At a recent online event titled ‘A helpful guide to the Nine Dots Prize’, Professor Joanna Page (Director of CRASSH) and I tried to give an overview to the Prize and answer as many of the submitted questions as we could manage in the time. We thought it might be helpful to try and sum up some of the questions here too.
Most importantly, the Nine Dots Prize is currently open for submissions, asking for entries that seek to answer the question: “Why has the rule of law become so fragile?” The deadline for applications is midday GMT on Monday 23 January 2023. Submission is through our website: www.ninedotsprize.org.
Questions about the application process
We don’t clarify what we mean by the question the Board have set. We want to see how each applicant responds to what they think the question means and we think not giving any more detail is the best way to let applicants answer it as they think best.
Applications must be on time and not be over the word limits (3,000 words for the Summary Response, 1,000 words each for the Book Outline and the Justification Statement). Entries must be written in English and they must engage with the question. But apart from that, applicants are welcome to use any format they like, and answer the question in any way that they think best.

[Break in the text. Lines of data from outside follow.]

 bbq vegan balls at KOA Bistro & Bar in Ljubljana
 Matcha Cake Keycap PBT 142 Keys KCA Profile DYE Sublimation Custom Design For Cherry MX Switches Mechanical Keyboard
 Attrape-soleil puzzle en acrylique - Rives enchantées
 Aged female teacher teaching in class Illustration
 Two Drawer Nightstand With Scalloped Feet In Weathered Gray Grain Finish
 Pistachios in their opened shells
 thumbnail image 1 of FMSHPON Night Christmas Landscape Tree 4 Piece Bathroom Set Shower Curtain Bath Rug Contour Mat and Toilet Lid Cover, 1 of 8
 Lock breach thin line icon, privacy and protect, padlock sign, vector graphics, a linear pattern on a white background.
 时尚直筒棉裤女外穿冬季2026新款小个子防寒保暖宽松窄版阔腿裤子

Although writing style is important, we are really looking for brilliant ideas, so if English is not an applicant’s first language for example, that won’t negatively affect their application. We welcome joint applications, but each individual is only able to submit one application.
In terms of word counts, references as endnotes or a bibliography do not count towards the word limits. Neither do figures or images if you plan to use those. You are welcome to use US or British English spellings and any font you choose.
Questions about the judging process
Our Board judges the Prize anonymously. This means they only see the Summary Response and the Book Outline sections of each application. The Justification Statement is seen by the Nine Dots team so they can see how each applicant plans to complete the book if they are the winner. As we have had over 700 entries for each of our cycles, the Board see the entries in small groups and choose entries to put forward to the full Board. As we are a small team, we are unable to give feedback on applications. We ask that although the copyright for each entry remains with applicants, they hold off seeking to publish their entries elsewhere until the judging has been completed. But following the winner announcement, we know that previous applicants have published their responses in a variety of locations.
Questions about if you win the Prize
Completing a book, even a short one – we ask for between 25,000 and 40,000 words – is a time-consuming process. The deadline we give the winner is to complete their book in seven months. Some people asked about whether it would be possible to continue to work full time and write the book. All of our previous winners worked on their books mostly full time and we think it would be difficult to complete the book without giving it a good chunk of your time. However how you handle completing the manuscript is up to the winner, and we will support whatever choices they make.
The winner will receive their winning Prize money in three stages: at the winner announcement, on submission of the manuscript in January 2024; and on book publication in May 2024. The Prize money is taxable. Another part of the Prize award is to spend a term at CRASSH at the University of Cambridge. This is not essential, we understand that it would not be possible for all winners to take up this opportunity. The CRASSH team would seek to involve the winner in the work and life of the Centre from a distance if that was what was best for them. If the winner did want to be based in CRASSH, the team would help with all the practicalities including housing.
Around the winner announcement and when the book is published, we will work with the winner to organise some publicity events. But these would only be what the winner is comfortable with. These might be interviews with the press, writing pieces for broadcast, events to discuss the book or social media posts. The winner does receive some royalties from book sales. This will be fully explained in the contract that the winner signs with Cambridge University Press before publication. The online version of the book is free to download and read.